The catheter delivers ablation at approximately 90 W in 4 seconds, compared with 20 W to 40 W in 20 to 40 seconds for other devices, the company stated in the release.
“The delivery of 90 watts of [radiofrequency] power in a short, 4-second ablation session is a significant advancement in the treatment of paroxysmal atrial fibrillation,” Larry A. Chinitz, MD, electrophysiologist and director of the Heart Rhythm Center at NYU Langone Health, who treated the first patient in the QDOT-Micro study, said in the release. “We’re eager to see whether this new technology helps to reduce procedure time and improve clinical outcomes.”
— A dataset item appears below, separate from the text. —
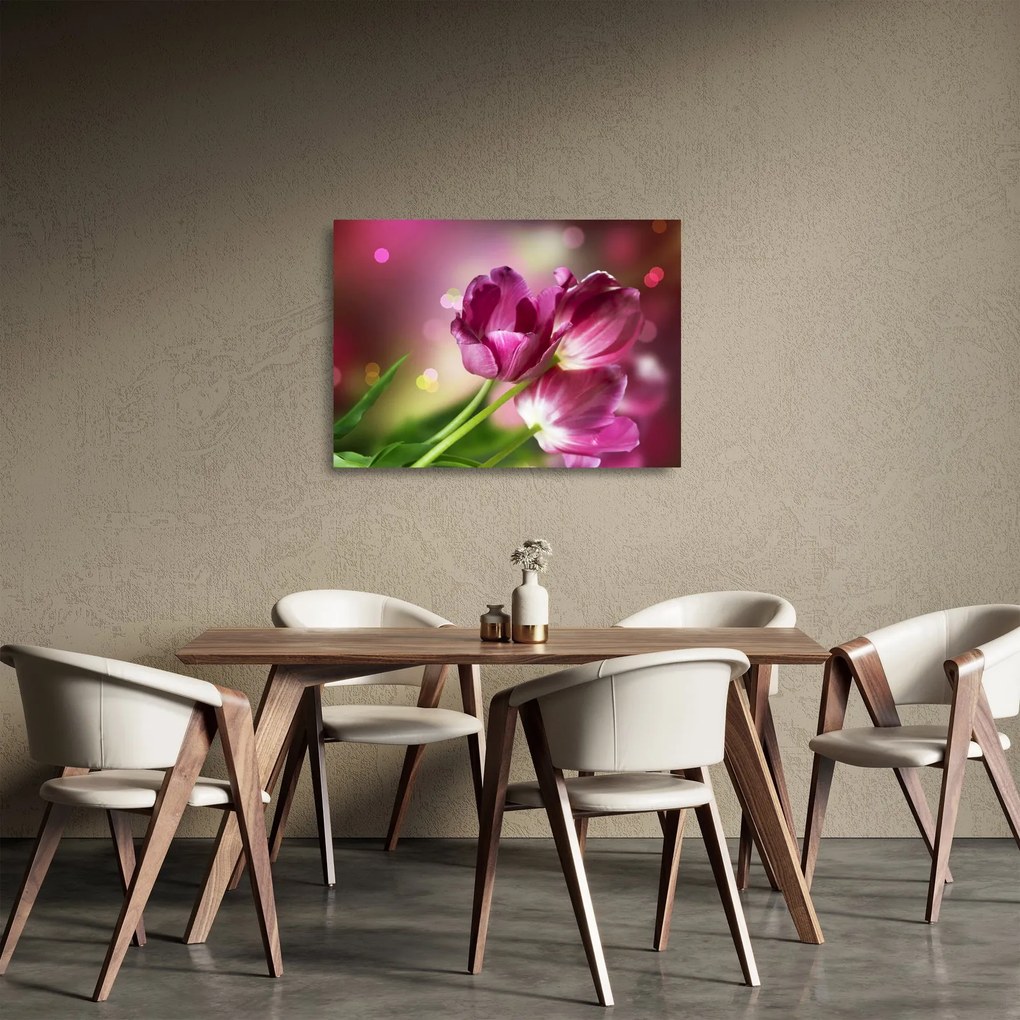 Tablou pe sticlă cu lalele roz (70x50 cm)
The commencement of the QDOT-Micro study, which is expected to enroll 185 patients at up to 30 centers, follows the launch of the STELLAR IDE study in November to evaluate a multi-electrode radiofrequency balloon ablation catheter (Heliostar, Biosense Webster) in patients with symptomatic drug-refractory paroxysmal AF, according to the release.
Disclosure: Chinitz reports he received compensation for services from Abbott, Biosense Webster, Biotronik, Medtronic and Pfizer and fellowship support from Biotronik, Boston Scientific and Medtronic.